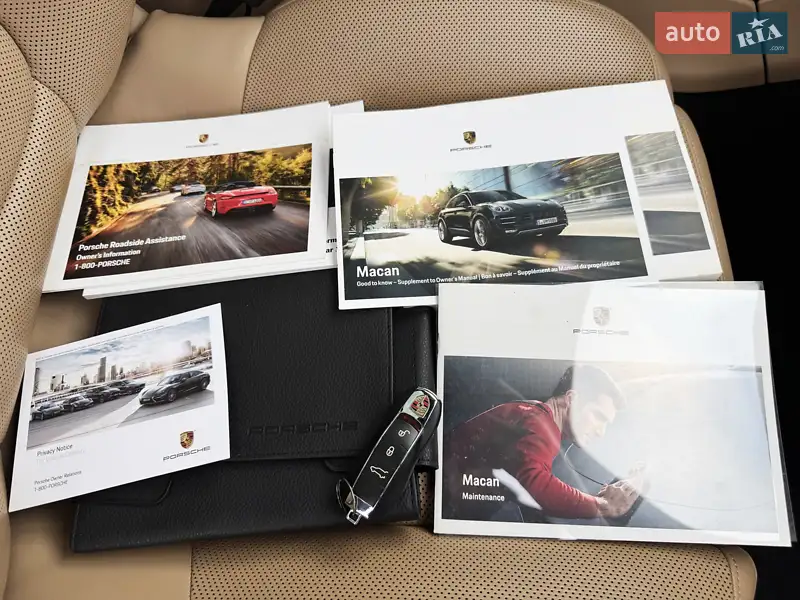 Внедорожник / Кроссовер Porsche Macan 2018 в Киеве документ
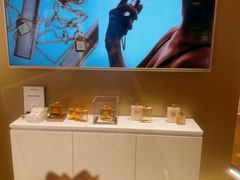-CHANEL(德基广场店)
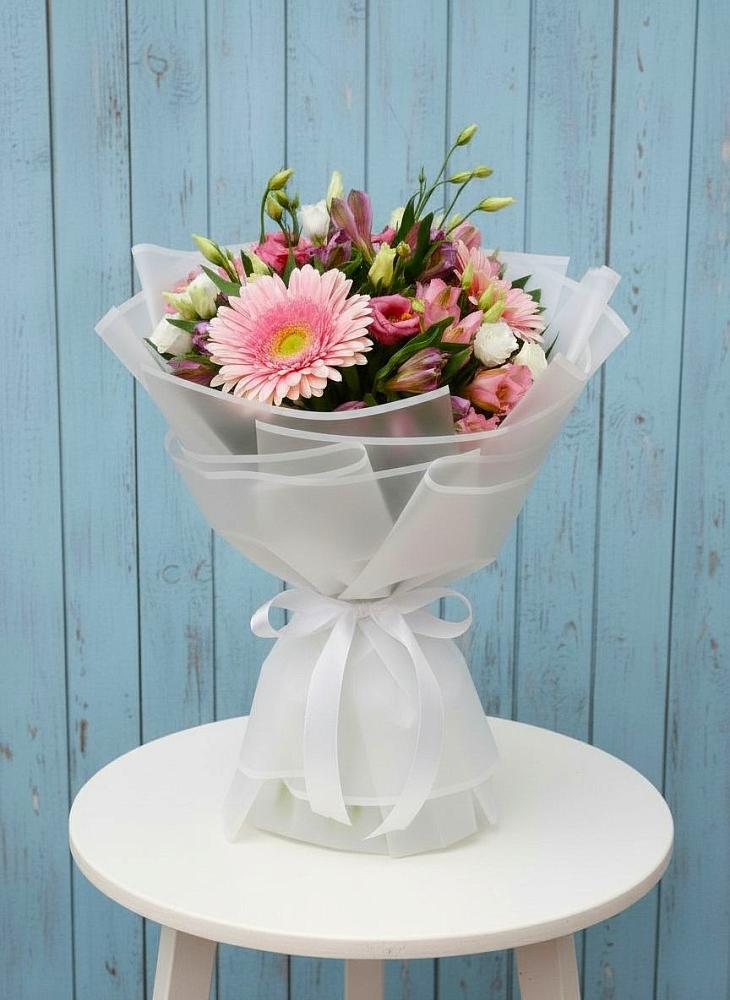 Букет цветов из: Герберы, Альстромерии и Лизиантусы в Новосемейкино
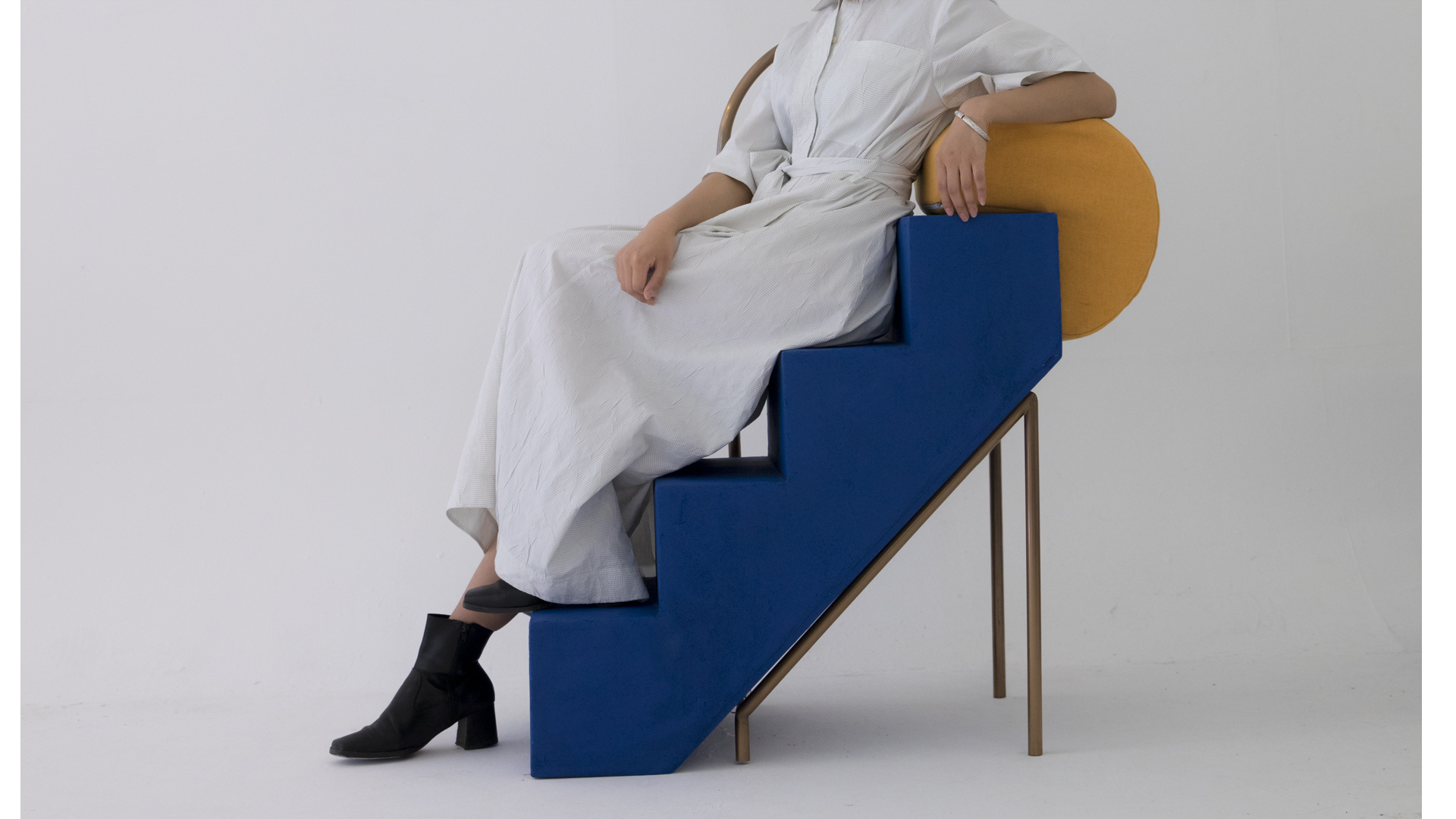ambiguous objects-stairs chair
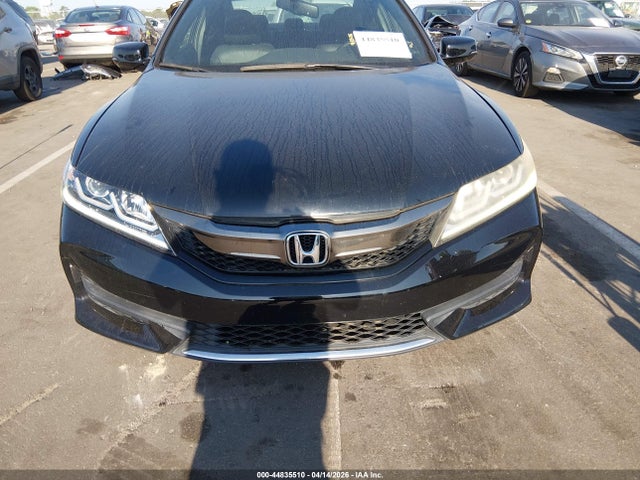 Aukcja sprzedaży 2017 Honda Accord Ex-l, vin: 1HGCT1B85HA006204, numer aukcji: 44835510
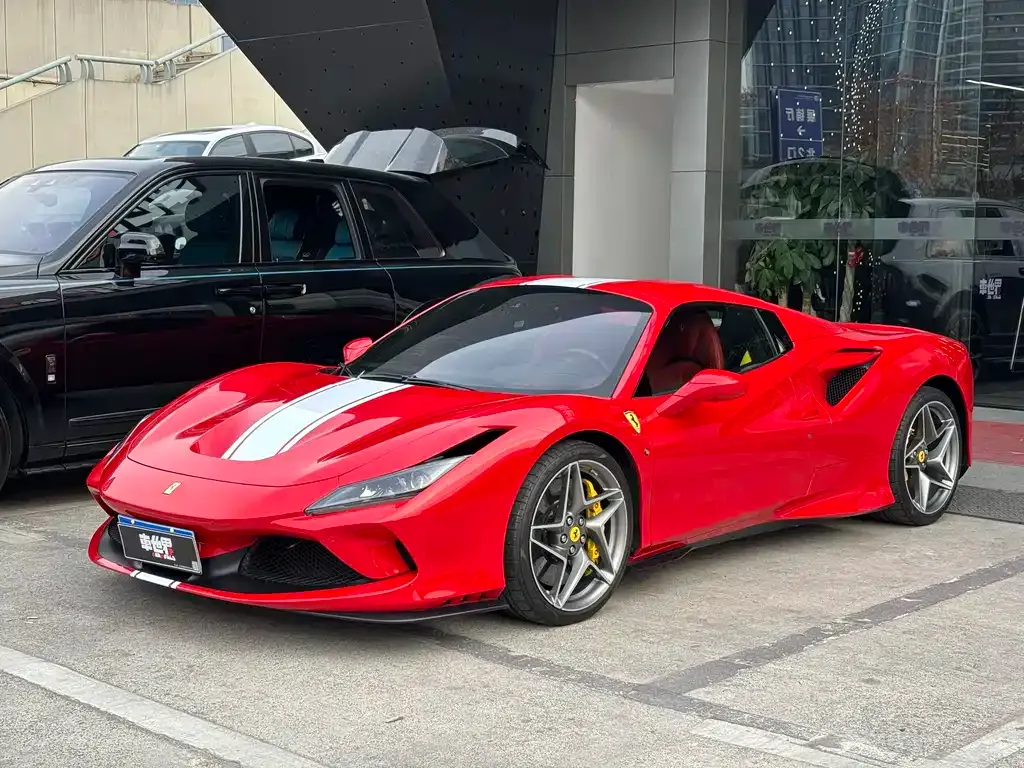 Ferrari F8 — фото 6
--
◆ **PROMPT**: Take the line that contains "-CHANEL(德基广场店)" and every line after it up to the end of the records above, and restate them exactly, without the pictures.

◆ **EXERCISE RESPONSE**:
-CHANEL(德基广场店)
 Букет цветов из: Герберы, Альстромерии и Лизиантусы в Новосемейкино
ambiguous objects-stairs chair
 Aukcja sprzedaży 2017 Honda Accord Ex-l, vin: 1HGCT1B85HA006204, numer aukcji: 44835510
 Ferrari F8 — фото 6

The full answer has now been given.